PHP if OR is the second part checked on true?

Question

I know this must be a simple question, but I know that in PHP in a statement like this

if ($a && $b) { do something }

if $a is false PHP doesn't even check $b

Well is the same thing true about OR so

if ($a || $b) { do something }

If $a is true, does it still check $b

I know this is elementary stuff, but I can't find the answer anywhere... Thanks

Answer 1

If you know your truth tables fairly well, then you can probably figure it out yourself. As others have said, PHP will evaluate until it is certain of an outcome. In the case of OR, only one has to be true for the statement to return true. So PHP evaluates until it finds a true value. If it doesn't find one, the statement evaluates to false.

<?php
if(true && willGetCalled()) {}
if(false && wontGetCalled()) {}
if(true || wontGetCalled()) {}
if(false || willGetCalled()) {}
?>

Answer 2

If at least one OR Operand is true, there is no need to go further and check the other operands and the whole thing will evaluate to true.

(a || b || c || d || e ||...) will be TRUE if at least one of the operands is true, thus once I found one operand to be true I do not need to check the following operands.

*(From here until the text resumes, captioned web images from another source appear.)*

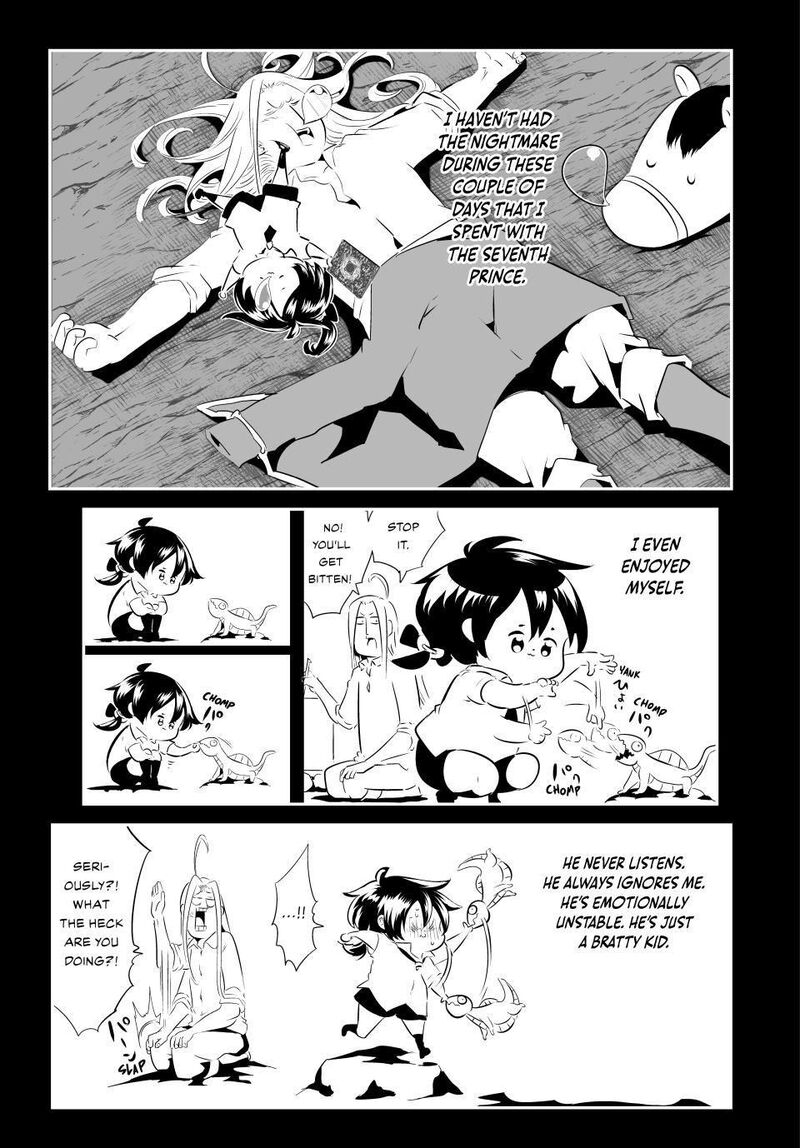 Tensei Shitara Dai Nana Ouji Dattanode Kimamani Majutsu O Kiwamemasu Chapter 200 Page 19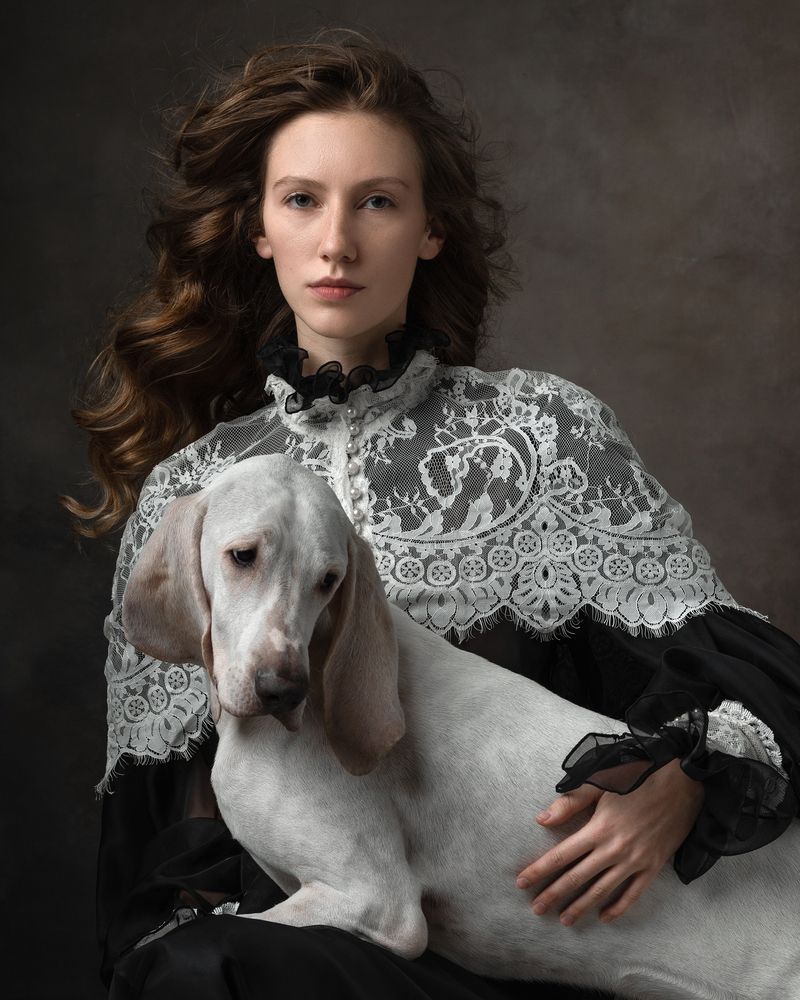 Фотография автора Анастасия Картушина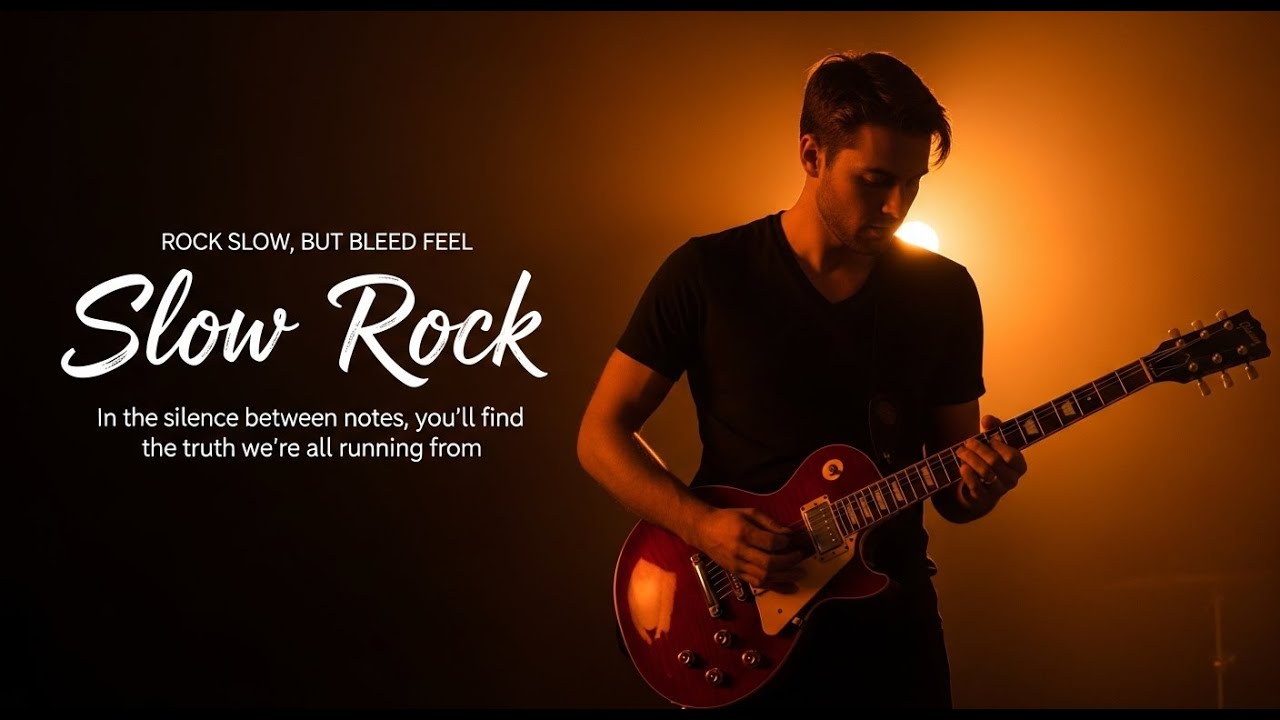 Slow Rock Quiet Roads | Soft Rock Romantic Songs for Night Driving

This logic applies everywhere, PHP, JAVA, C...

Answer 3

Look at this example:

function foo1() {
  echo "blub1\n";
  return true;
}

function foo2() {
  echo "blub2\n";
  return false;
}

if (foo1() || foo2()) {
  echo "end.";
}

$b / foo2() isnt checked. Demo here: codepad.org

Answer 4

See Example 1 on the Logical Operators page in the manual.

// --------------------
// foo() will never get called as those operators are short-circuit

$a = (false && foo());
$b = (true  || foo());
$c = (false and foo());
$d = (true  or  foo());

Answer 5

Evaluation of logical expressions is stopped as soon as the result is known.

logical operators